Average Review Rating Average Rating 9/10 (1 Review)
Book Details

Publisher : Edge

Published : 2011

Copyright : Rebecca K. Rowe 2011

ISBN-10 : PB 1-894063-59-7
ISBN-13 : PB 978-1-894063-59-3

Publisher's Write-Up

A tale of two unlikely companions cast together in a mystery, and a mission to save the planet. Noah of Domus Aqua, an environmentalist and the son of extreme wealth, is a fugitive suspected in the high profile murder of his long-time friend and mentor Senator Mari Ortega.

Promising his dying friend that he'll deliver a highly confidential datasphere to a trusted government official, Noah plunges himself into the Underground, a gritty subterranean world of knife-wielding monks, a crew of oddball hackers and a smart intelligence bent on his destruction, as he avoids virtual detection and his arrest.
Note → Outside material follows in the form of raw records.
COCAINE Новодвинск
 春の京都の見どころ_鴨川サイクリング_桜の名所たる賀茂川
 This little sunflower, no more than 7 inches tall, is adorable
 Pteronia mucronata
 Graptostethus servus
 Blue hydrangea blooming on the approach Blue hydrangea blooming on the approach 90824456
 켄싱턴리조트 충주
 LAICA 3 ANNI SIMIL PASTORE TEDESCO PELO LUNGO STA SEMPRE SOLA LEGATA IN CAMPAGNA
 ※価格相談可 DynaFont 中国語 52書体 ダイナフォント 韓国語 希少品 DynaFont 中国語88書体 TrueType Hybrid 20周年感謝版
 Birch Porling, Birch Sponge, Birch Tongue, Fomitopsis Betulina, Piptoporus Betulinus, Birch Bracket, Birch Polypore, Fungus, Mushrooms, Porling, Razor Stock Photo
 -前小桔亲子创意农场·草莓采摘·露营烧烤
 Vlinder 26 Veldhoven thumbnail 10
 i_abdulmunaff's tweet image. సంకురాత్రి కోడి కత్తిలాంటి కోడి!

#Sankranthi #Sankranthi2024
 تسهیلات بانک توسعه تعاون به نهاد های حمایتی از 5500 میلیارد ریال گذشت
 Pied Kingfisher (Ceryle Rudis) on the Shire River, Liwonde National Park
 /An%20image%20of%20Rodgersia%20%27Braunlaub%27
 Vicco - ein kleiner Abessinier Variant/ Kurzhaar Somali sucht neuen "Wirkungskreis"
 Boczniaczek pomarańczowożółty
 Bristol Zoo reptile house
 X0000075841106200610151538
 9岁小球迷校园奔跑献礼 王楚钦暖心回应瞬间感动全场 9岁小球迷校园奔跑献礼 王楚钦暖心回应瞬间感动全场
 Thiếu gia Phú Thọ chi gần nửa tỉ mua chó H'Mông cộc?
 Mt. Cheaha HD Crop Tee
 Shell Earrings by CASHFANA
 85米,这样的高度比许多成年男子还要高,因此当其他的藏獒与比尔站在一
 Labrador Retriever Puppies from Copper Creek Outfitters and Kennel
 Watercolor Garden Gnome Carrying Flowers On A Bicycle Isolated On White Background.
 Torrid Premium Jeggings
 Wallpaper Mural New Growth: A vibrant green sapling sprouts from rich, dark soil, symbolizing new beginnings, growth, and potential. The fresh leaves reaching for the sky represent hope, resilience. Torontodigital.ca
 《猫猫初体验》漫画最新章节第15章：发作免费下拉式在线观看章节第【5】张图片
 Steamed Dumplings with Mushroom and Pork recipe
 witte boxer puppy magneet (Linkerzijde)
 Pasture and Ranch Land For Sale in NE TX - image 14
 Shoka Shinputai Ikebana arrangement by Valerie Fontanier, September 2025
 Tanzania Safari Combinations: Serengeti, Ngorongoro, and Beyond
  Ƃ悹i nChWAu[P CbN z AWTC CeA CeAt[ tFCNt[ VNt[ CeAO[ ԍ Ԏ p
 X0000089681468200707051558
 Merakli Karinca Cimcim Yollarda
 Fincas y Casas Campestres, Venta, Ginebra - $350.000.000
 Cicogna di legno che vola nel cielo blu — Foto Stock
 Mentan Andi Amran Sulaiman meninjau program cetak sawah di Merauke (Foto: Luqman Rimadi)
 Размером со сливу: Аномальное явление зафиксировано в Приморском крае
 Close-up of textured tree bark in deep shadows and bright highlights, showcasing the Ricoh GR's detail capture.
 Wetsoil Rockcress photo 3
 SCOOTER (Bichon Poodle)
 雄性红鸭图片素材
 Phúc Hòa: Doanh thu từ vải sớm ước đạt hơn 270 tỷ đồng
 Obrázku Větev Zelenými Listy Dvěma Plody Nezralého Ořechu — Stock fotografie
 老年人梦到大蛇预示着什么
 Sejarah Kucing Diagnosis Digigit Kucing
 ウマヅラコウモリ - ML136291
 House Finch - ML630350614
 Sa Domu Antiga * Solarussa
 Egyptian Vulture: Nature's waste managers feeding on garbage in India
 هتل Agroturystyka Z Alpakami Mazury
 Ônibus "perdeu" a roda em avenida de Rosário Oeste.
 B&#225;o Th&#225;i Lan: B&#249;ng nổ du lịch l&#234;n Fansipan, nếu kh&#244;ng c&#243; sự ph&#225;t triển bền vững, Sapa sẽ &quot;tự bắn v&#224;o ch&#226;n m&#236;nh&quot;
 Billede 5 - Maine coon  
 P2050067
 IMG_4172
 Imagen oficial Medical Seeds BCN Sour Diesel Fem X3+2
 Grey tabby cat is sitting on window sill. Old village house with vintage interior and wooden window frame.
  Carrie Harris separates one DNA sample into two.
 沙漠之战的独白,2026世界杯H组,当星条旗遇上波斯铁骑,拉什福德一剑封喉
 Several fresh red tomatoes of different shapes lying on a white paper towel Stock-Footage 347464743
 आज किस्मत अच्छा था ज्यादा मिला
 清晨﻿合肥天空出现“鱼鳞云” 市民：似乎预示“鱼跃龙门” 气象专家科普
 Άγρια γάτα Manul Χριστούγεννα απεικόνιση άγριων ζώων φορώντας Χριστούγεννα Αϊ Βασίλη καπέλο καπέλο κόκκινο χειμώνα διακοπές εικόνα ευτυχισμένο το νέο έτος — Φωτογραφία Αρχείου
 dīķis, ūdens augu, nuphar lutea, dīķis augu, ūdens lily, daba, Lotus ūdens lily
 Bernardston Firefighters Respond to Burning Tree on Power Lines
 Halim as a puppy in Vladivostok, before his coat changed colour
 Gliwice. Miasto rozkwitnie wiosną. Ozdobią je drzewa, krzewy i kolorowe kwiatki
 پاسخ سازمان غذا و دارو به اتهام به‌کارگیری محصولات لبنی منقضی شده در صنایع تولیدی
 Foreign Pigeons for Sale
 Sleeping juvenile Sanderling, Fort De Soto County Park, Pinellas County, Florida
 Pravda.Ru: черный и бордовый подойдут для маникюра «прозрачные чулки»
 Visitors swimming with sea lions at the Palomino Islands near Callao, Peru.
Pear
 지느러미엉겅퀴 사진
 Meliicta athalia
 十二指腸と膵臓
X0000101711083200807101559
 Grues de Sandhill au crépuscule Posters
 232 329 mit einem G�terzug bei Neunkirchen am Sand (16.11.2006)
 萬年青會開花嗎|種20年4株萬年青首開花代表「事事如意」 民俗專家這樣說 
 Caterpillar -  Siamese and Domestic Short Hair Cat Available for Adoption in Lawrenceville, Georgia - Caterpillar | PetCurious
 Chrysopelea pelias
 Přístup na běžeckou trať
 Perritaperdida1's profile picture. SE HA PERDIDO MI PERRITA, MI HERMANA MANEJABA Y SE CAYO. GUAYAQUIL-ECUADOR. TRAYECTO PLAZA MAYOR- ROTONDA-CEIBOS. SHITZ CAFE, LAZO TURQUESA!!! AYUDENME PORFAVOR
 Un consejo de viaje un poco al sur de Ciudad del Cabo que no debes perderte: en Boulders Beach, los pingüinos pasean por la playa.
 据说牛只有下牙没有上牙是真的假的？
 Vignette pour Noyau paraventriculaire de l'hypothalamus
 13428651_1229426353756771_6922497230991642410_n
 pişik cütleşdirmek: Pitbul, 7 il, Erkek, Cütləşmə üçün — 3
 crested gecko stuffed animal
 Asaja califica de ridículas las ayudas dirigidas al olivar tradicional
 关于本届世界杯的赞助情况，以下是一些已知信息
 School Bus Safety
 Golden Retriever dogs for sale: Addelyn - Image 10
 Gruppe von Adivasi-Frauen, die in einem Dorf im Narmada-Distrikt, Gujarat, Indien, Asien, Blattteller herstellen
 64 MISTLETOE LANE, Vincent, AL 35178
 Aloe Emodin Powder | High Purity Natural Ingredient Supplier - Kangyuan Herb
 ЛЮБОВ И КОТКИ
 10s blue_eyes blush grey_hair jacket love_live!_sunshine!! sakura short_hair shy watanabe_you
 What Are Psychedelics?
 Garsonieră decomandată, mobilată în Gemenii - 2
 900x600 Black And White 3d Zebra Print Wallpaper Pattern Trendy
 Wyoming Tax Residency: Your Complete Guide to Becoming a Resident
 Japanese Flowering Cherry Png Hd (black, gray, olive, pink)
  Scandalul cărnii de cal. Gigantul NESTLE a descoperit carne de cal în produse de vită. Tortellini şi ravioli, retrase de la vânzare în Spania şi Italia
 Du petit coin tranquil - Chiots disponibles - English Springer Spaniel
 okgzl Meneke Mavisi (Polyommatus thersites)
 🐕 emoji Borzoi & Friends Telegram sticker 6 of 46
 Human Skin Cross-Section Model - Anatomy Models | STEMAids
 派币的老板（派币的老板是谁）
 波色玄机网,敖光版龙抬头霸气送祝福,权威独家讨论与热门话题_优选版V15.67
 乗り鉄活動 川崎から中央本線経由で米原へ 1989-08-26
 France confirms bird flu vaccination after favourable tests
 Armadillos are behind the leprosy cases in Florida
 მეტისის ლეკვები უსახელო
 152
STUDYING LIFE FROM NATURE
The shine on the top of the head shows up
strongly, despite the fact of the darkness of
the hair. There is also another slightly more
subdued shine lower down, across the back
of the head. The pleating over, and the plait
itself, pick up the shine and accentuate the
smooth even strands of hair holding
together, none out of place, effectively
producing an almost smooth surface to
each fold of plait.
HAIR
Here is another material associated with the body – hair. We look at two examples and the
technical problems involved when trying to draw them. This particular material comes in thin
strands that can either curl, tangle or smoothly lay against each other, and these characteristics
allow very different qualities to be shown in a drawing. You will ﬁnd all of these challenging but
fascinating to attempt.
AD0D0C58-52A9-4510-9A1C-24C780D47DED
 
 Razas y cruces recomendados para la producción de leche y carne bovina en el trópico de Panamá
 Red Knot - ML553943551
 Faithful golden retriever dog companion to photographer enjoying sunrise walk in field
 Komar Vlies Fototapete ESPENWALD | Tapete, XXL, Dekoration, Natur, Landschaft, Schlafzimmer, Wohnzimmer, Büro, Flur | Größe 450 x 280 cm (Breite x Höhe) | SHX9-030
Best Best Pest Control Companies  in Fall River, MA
Enter Rika Musashi Grant, a street-smart data thief. Heavily in debt from getting mind enhancements that fail, Rika is given one more chance to prove herself and right past wrongs - by stealing Noah's datasphere.

Joined by circumstance and mutual disdain, the two quickly realize they must join forces to survive. Set against a backdrop of Los Angeles in 2051, the unlikely duo must travel from the deepest catacombs to the most exclusive rooftop gardens; from LA's over-crowded refugee camps through to the virtual world of Novus Orbis, as they seek to find the clues they need to prove their innocence, find a killer, and stop the eco-disaster known as Circle Tide from destroying the planet!

About the Author:
Rebecca K. Rowe is a fiction author and free-lance writer living and working in North Carolina. Her novel, Circle Tide, debuted in August 2011 at the 69th World Science Fiction Convention (WorldCon). Her first speculative fiction novel, Forbidden Cargo, received critical acclaim from newspapers such as The Washington Post and The Denver Post. Rebecca also writes science non-fiction, poetry, and short stories, inspired by her overseas travels and her more frequent armchair explorations at the keyboard. With a Master’s in Mass Communications/Journalism from the University of Denver and a Master’s in International Relations from the University of Southern California, her fiction reflects a hard social science dimension. She is the associate editor of the Speculative Literature Foundation Newsletter, as well as a member of the Denver Woman’s Press Club. Her first novel was a finalist in the Colorado Book Awards.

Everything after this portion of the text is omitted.